Había sido una marcha febril, impulsada por un instinto oscuro que emergía de su cuerpo y lo obligaba a seguir adelante como un fantoche animado. La IA lo había abandonado en algún perdido lugar de la selva profunda sin medios para sobrevivir. Sin traje de combate, medicinas, alimentos, fuente de energía, o al menos un arma, ya podía considerarse un hombre muerto. Durante todo el trayecto había evitado cuidadosamente acercarse a densos matorrales que pudieran esconder depredadores. Pensó en las criaturas miméticas que rondaban los poblados humanos. Aquí, en la jungla, sería una presa fácil para los Thorks. La mullida alfombra de hongos y formas de vida que parecían enormes ácaros inflados crujía bajo el peso de sus botas y le salpicaba las ropas con fluidos activos. Mientras sorteaba los retorcidos arbustos grises que surgían en su camino, Paco comprendió que no llegaría vivo hasta el anochecer.
El surrealismo desbocado de la jungla le hacía pensar en un inmenso parque temático modelado por escultores de ARN.
Miles de criaturas que parecían globos de gas encendidos flotaban entre los gigantes arbóreos, y extraños abejorros acorazados pasaban a su alrededor induciendo sonidos eléctricos dentro de su implante.
No tenía sentido seguir avanzando, así que se detuvo. Luego se tendió de espaldas sobre las plantas y contempló el cielo de frondas, inundado por el resplandor escarlata. Se sentía muy cansado. Descansar, dormir, morir. Pensó en Samantha. Nunca más volvería a ver a su esposa. Trató de imaginarse a Klissman, despertando a una nueva conciencia. Sonrió.

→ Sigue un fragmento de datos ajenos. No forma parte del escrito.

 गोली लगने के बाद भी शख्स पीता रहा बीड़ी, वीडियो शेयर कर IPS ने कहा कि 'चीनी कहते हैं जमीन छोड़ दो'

La selva alienígena era mágica; le ayudaría a morir sin dolor. El tiempo se detenía en aquel lugar sagrado, consumiendo la vida que aún latía en su interior. Sintió cómo los músculos se relajaban bajo su piel.
Y la ilusión se quebró.
De la selva brotaron los espectros; enormes, poderosos, improbablemente humanoides.

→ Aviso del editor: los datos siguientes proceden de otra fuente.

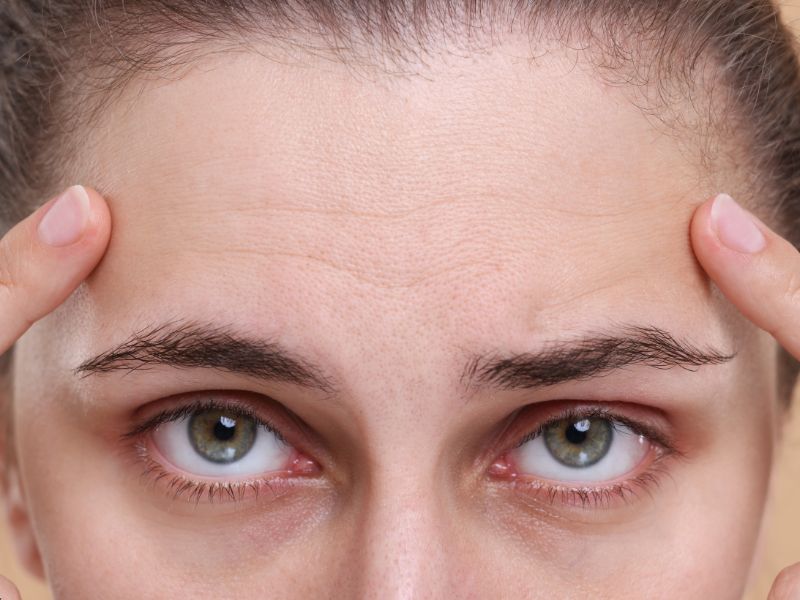 קמטים בפנים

Paco vio cómo las formidables figuras se acercaron a él e hicieron un círculo a su alrededor. Y en las abultadas corazas cibernéticas adivinó la leyenda de los Biomecánicos, el comando desertor. Los hombros y las espaldas recargados de mortíferos ingenios bélicos; corpachones de aleación erizados de sensores y espinas de transmisión, Se preguntó si aquellos seres habían venido a exterminarlo. Sería un final digno para un soldado condenado. Se incorporó. La talla de los guerreros le resultó impresionante.